_What to do:_
Go through the listing below and count each line with the word "Women" in it; return only the count.

☆ ☆ ☆ ☆ ☆ ☆ ☆

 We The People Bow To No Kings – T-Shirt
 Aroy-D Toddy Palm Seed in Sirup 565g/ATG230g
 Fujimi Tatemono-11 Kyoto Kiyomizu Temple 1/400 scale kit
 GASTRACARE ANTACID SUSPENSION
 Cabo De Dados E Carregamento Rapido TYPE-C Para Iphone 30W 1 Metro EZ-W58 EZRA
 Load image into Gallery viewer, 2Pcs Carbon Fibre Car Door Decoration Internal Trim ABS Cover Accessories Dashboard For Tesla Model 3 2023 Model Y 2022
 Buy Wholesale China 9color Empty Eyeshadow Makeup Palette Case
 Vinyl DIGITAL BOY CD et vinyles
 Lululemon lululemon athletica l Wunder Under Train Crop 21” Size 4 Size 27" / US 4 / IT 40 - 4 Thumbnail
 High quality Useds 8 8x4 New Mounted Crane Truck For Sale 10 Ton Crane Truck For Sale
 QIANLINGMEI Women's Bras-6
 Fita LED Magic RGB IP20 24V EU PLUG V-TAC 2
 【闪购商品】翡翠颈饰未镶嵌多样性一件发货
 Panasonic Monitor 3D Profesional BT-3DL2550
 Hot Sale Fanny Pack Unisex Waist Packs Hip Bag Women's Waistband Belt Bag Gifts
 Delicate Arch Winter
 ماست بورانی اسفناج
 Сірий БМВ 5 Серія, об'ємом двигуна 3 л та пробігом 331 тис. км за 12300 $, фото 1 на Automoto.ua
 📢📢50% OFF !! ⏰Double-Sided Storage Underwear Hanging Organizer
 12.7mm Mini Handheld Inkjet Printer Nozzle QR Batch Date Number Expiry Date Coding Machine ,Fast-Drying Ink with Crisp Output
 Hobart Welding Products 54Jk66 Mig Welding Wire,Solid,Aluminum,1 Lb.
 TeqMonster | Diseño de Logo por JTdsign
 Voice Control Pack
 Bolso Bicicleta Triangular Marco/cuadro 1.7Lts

☆ ☆ ☆ ☆ ☆ ☆ ☆

_Problem solution:_
2